Lafayette Square is decidedly the handsomest in the city. It is in the second municipality, and has St. Charles and Camp streets in front and rear, and several public buildings in its immediate neighborhood. It has a handsome and substantial iron railing around it, based upon well laid blocks of granite; is well laid off in regular walks, and is ornamented with beautiful and rare shrubbery, set out with geometrical accuracy on a raised surface, calculated to make it dry and pleasant.
Annunciation Square, in the same municipality, is the largest, and, consequently, may some day become the most elegant in the city. Orange and Race streets are on its front and rear—and facing are some very tasteful private residences.
Tivoli Circle, as its name would imply, is a circular piece of land laid off as a public ground in Nyade, at the head of St. Charles street, and is intended to be ornamented.
THE OLDEN TIME
Antiquity! the olden time! the hoary, venerable past! there is something sacred and soul subduing in the very sound of the words. Like the dying echo of the last tones of the departed, it is full of hallowed memories, and cherished associations, that haunt the inner chambers of the imagination, and linger with a mournful tenderness about the better feelings of the heart.

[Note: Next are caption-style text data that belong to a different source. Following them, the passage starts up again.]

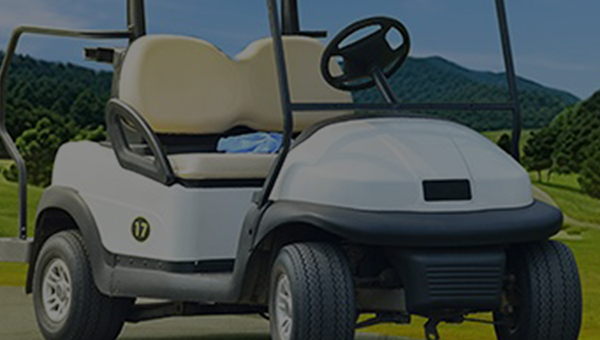 Golf Cart LiFePO4 Battery 48V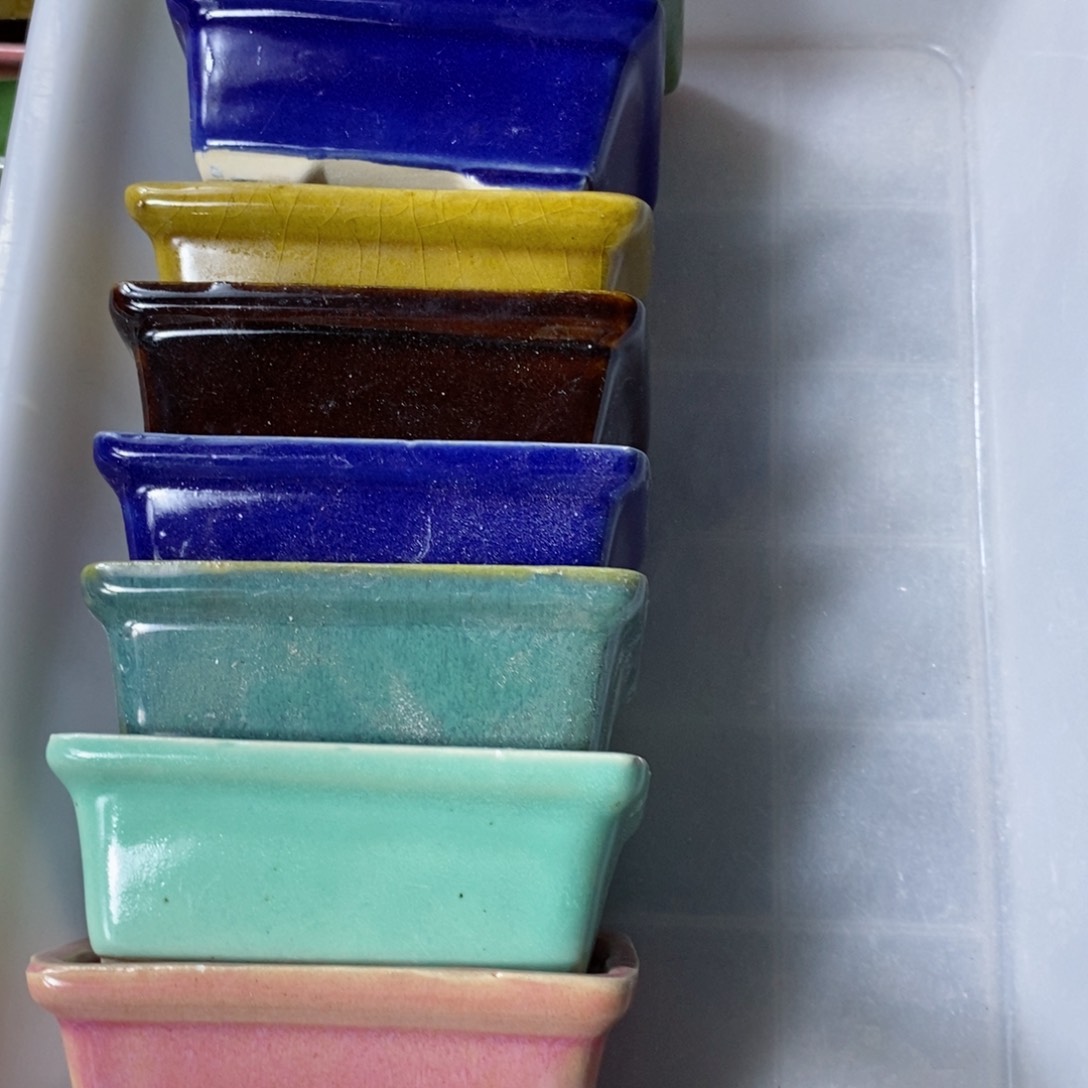 红陶清*发信息吧你还说你是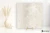 Colorker Athena Cream 59.5x59.5 - płytka imitująca kamień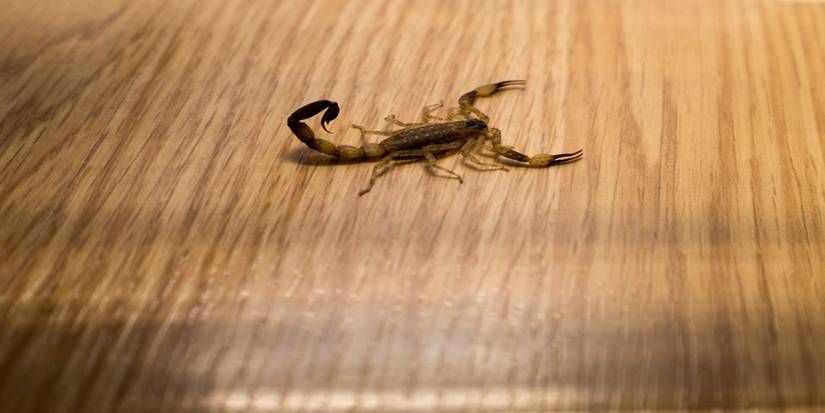 House Scorpions: Nature's Unlikely Pest Controllers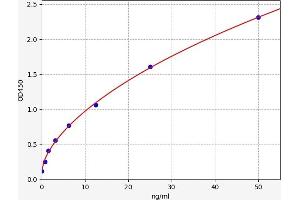 Typical standard curve (SLC2A2 Kit ELISA)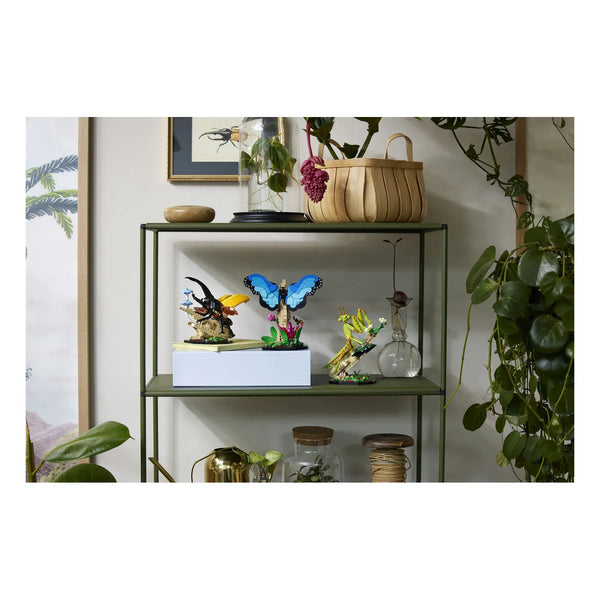 LEGO® Ideas 21342 Die Insektensammlung als Dekoration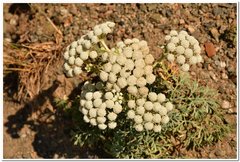 Seseli gummiferum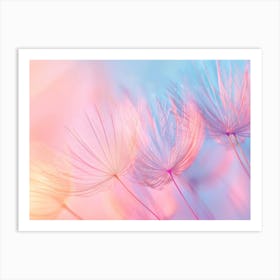 Dandelion Background Art Print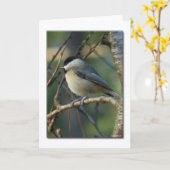 Carolina Chickadee Note Card Karte (Gelbe Blume)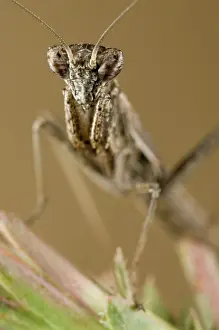 Nymphs: Mediterranean Ground Mantis - nymph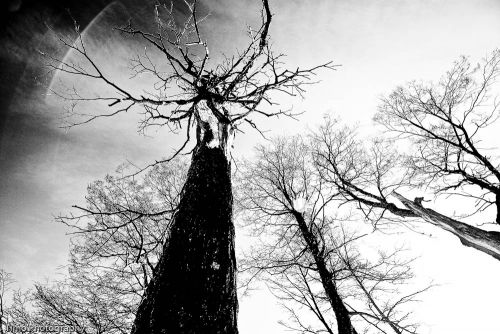 Fotografia de Tomas Gorostiaga Photography - Galeria Fotografica: Surf Brasil - Foto: Ushuaia Argentina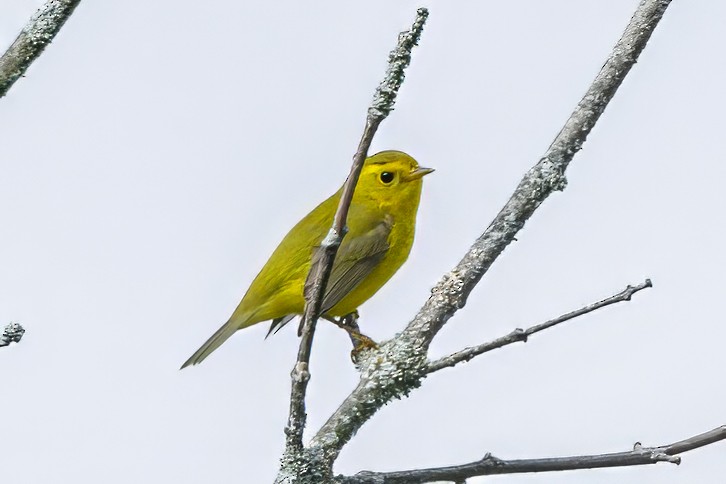 kalottparula - ML608680629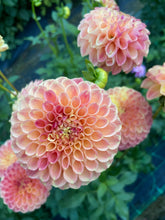 Load image into Gallery viewer, L.A.T.E.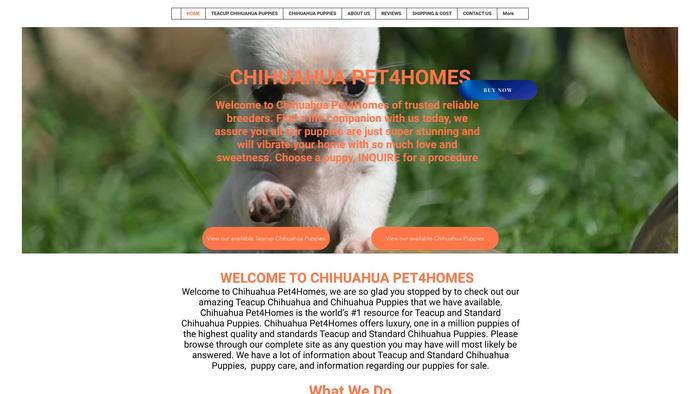 Chihuahuapetforhome.com - Chihuahua Puppy Scam Review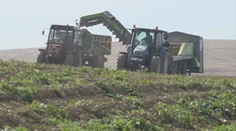 Farmári stále nedostali peniaze od štátu. Minister Takáč sľubuje nápravu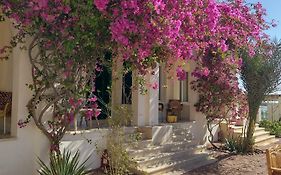 Marine Garden Camp Hostel Dahab Exterior photo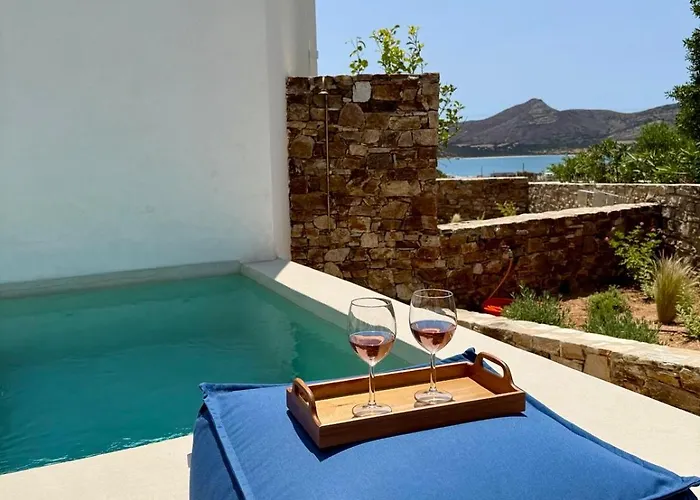 Saliagos Complex With Private Pools Villa *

But what have we to do with Antiquity! They of the old World, who were grey with time and tottering with decay when, but yesterday, they saw us spring into being, laugh at our sometime boast of Antiquity; and well they may, for it is hardly as well substantiated as that of the simple boy who conceived himself the oldest person in the world, because he could not remember when he was born. Yet even we, in the New World, we, of its second or third generation, whose fathers were present at its birth and baptism, even we begin to talk gravely of the olden time, and to sigh and look sad over the melancholy grandeur of the past!